Get Ready: Requirements and Where to Find It
To use the iOS 27 bill-splitting feature, you will need an iPhone running iOS 27 and an Apple Cash account set up in Wallet, since the tool is tied directly to Apple Cash payments. The feature lives in two familiar places: the Wallet app and the Messages app. In Wallet, it appears as an option when you add or review receipts tied to card payments or manually stored images. In Messages, it sits alongside existing Apple Cash options in the app drawer, turning any group chat into a lightweight expense manager. Reports also say that “payment approvals [are] supported through the Apple Watch,” so friends with an Apple Watch can confirm what they owe from their wrist. This deep integration with Apple’s existing financial tools is what sets it apart from standalone bill-splitting apps.

Step-by-Step: Snap a Receipt and Split Expenses
When the bill arrives, open Wallet or Messages and choose the new option to split a bill. Point your iPhone camera at the receipt and capture a clear photo; iOS 27’s receipt scanning feature analyzes the image, detects line items, and prepares them for assignment. You then tap each item and link it to someone in your contacts or in the current conversation, letting you split expenses on iPhone item by item instead of dividing everything evenly. The system automatically includes tax and tip in the calculations, so nobody is left covering the extras. Once you confirm the breakdown, iOS generates individual Apple Cash payment requests, which are sent to each person. They see exactly what they owe, review the items, and approve the payment from their iPhone or Apple Watch.

Handling Tax, Tips, and Tricky Edge Cases
Real-world bills are messy: shared appetizers, different drinks, plus tax and gratuity. Apple’s new split-expenses iPhone experience is designed to handle these details. After scanning the receipt, you can still edit the list of items, merge shared dishes, or assign a single item to multiple people so everyone pays a fair portion. Tax and tip are automatically spread across the group according to how much each person’s items cost, or you can change the tip percentage and total before sending requests. AppleInsider notes that the feature can “deal with other elements that aren't easily divided up,” which covers everything from service charges to fixed fees.
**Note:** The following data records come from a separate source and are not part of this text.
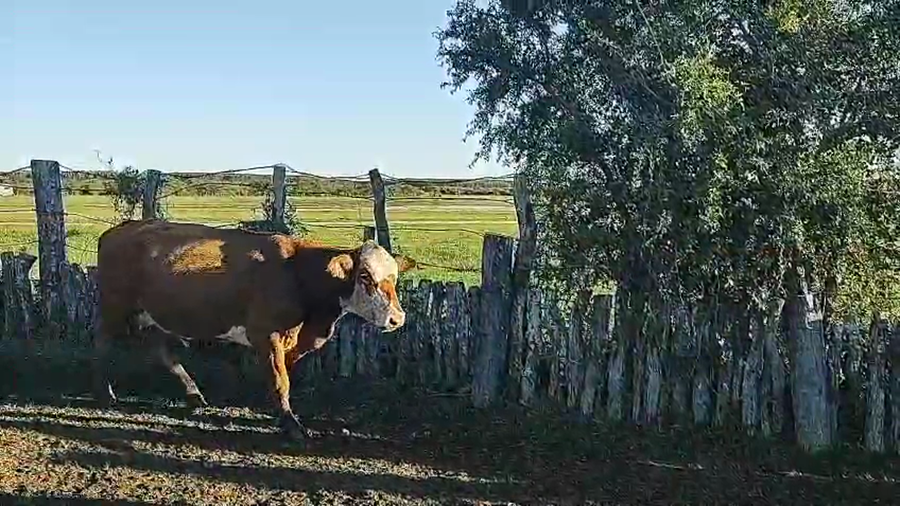 Lote 45 Vacas nuevas C/ gtia de preñez en Corrientes, Perugorría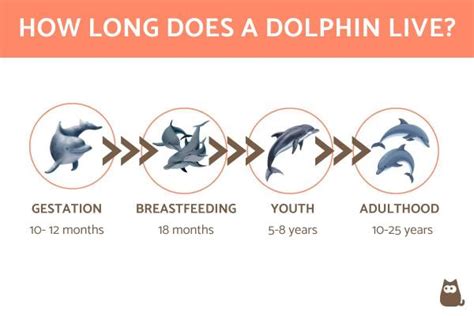 How Long Do Dolphins Live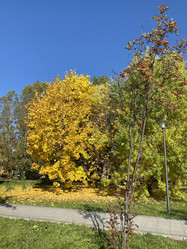 Similar image 21131053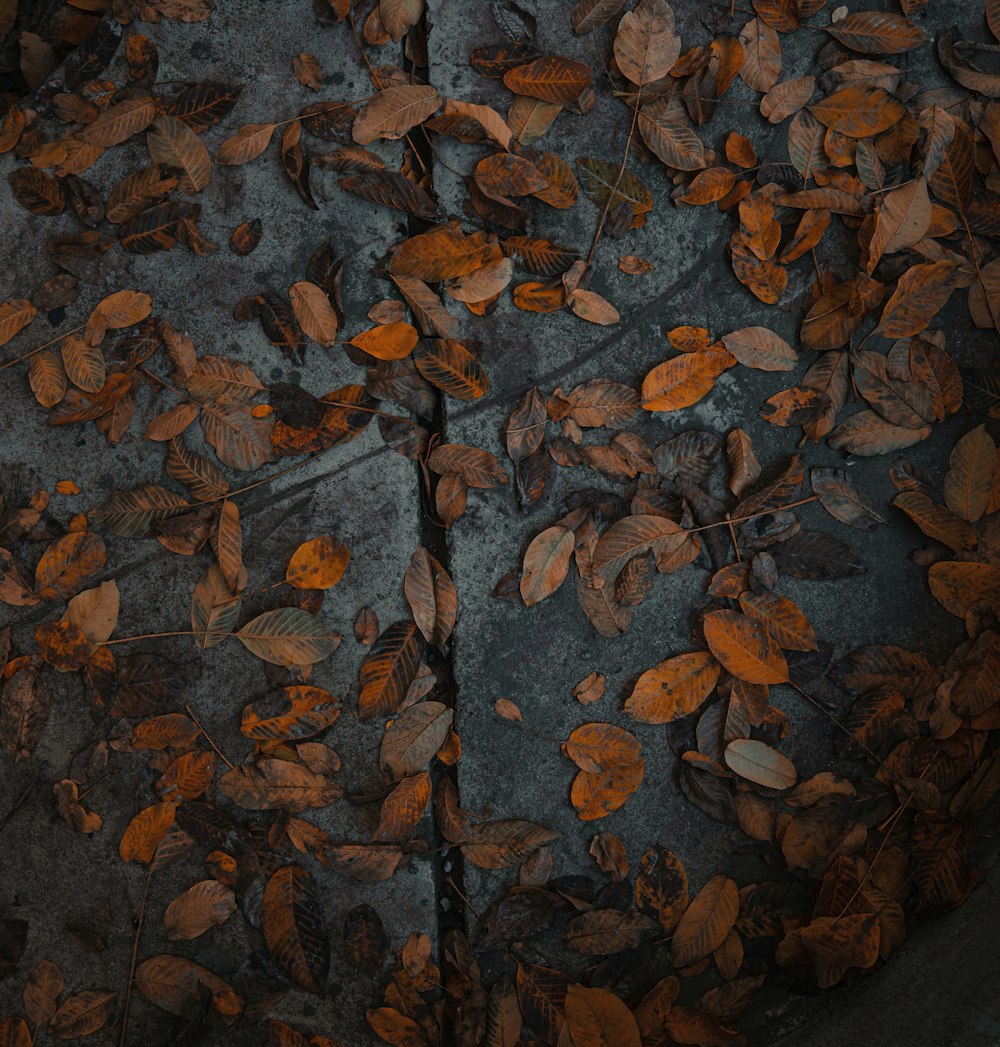 brown dried leaves on ground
If someone wants to cover a friend, you can assign extra items to their share before the system generates Apple Cash payment requests for the rest of the group.

Why Use This Instead of Standalone Bill-Splitting Apps?
Expense-sharing apps like Splitwise, Splid, Tab, and Settle Up have offered receipt-based splitting for years, and payment apps such as Venmo, PayPal, and Cash App already support peer-to-peer transfers. According to Digital Trends, Splitwise alone has surpassed 10 million monthly active users and helped manage more than $90 billion in shared expenses, showing how common this need is. Apple’s move with iOS 27 bill splitting is about removing steps: you no longer have to install, sign up for, and maintain a separate service. Everything sits alongside Apple Pay and Apple Cash in Wallet and Messages, and can extend to Apple Watch for approvals. PCMag notes that this combination of item-level receipt scanning plus direct Apple Cash settlement brings “the best of both” bill trackers and payment apps into one native feature that is always available on iPhone.